Morally wrong? Think about it.

Unless the charge is simply for discharging a firearm in a reckless and unlawful manner, the charges will most probably involve injury or death caused by the moving truck--injury or death that would not have not occurred but for the discharge of a firearm by the accused--or the act of having put people at risk of such harm

Explain how that result would be "morally right".

Regarding any charges related to harm to the driver, those would be adjudicated, based on the totality of the evidence, considering the usual facets of the legal defense of self defense or the defense of others,, as outlined above by Craig.

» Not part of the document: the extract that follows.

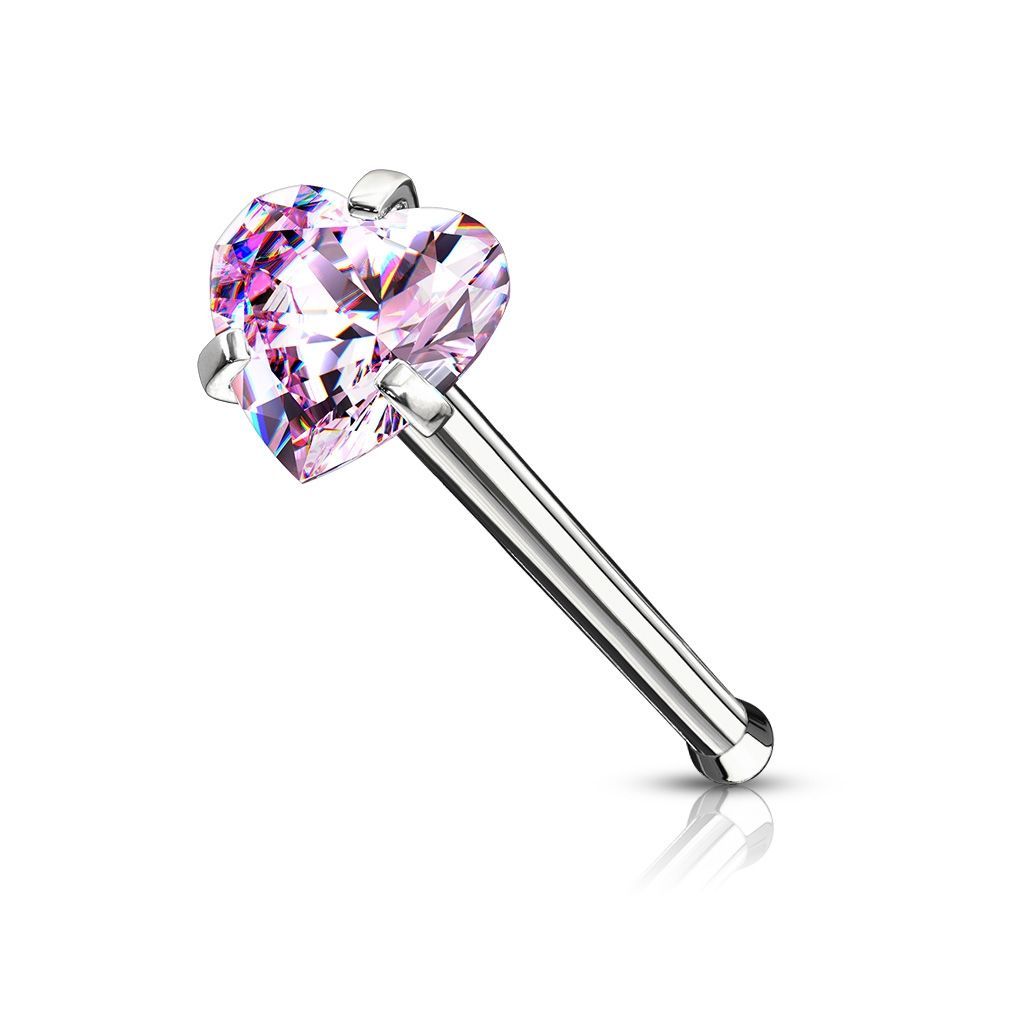 Levně Piercing do nosu srdíčko (růžová)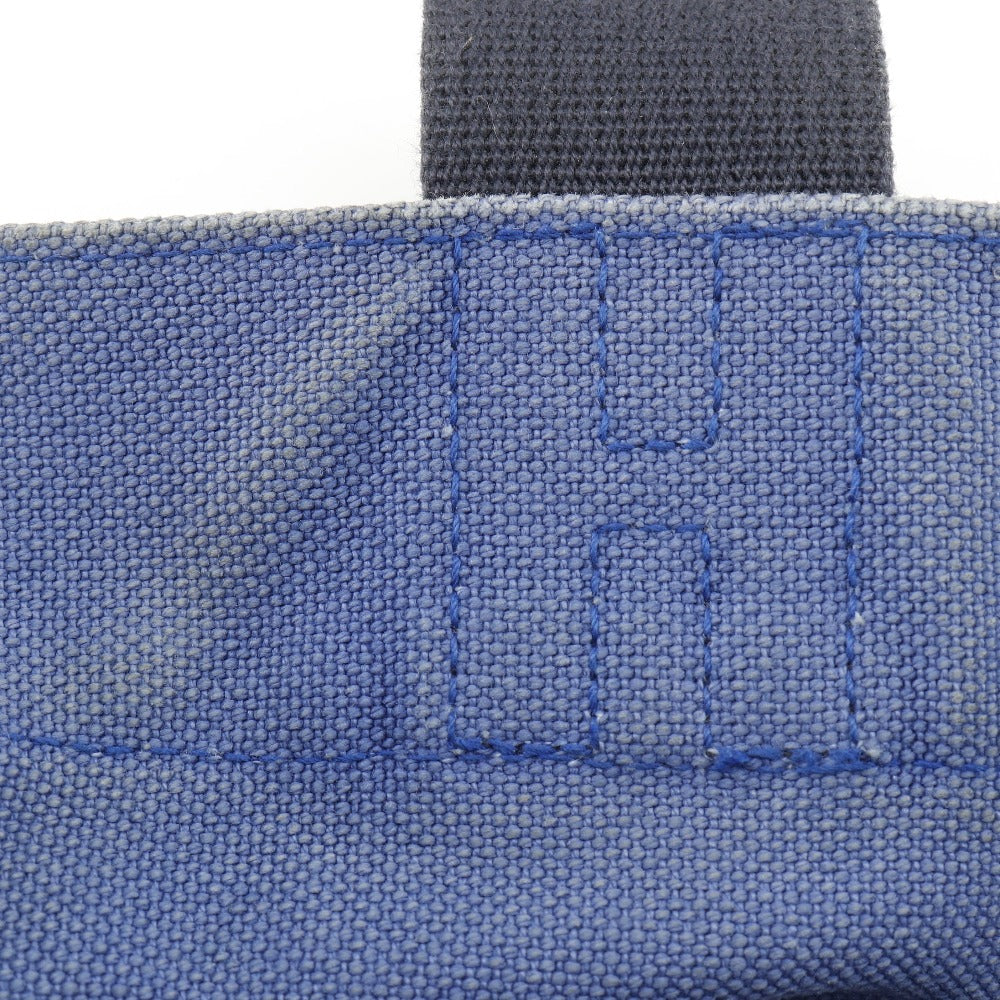 HERMES Tote Bag canvas Blue, Black Chevault Women(Unisex) Used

In the case of the aforementioned incident in Aurora, the driver of the vehicle was uninjured, but two people were stuck by bullets from the shooter's handgun.
 
...That diverted the discussion into how to define reasonable in the courtroom.
Guilty as charged.

I cannot see the scenario resulting in legitimate use of force under the full five elements, except under potentially unique details of the specific circumstance.
... and so, regardless, we reach the same conclusion. :)
 
As pointed out in this thread several times, the situation of a car in the middle of a group of protesters raises serious questions about both imminence and avoidance, as well as reasonableness given the likelihood of the car momentum even without the attacker being in control is still a danger to others.
Yes indeed.

And in jurisdictions in which avoidance is not legally required, failure to avoid, when avoidance is safely possible will, in most such jurisdictions, enter into the assessment of reasonableness.
 
....And in jurisdictions in which avoidance is not legally required, failure to avoid, when avoidance is safely possible will, in most such jurisdictions, enter into the assessment of reasonableness.
This is a point which is commonly overlooked. Just because a Self-Defense Shooter isn't required to retreat in a given jurisdiction does not mean that a jury cannot consider whether the failure to retreat was reasonable.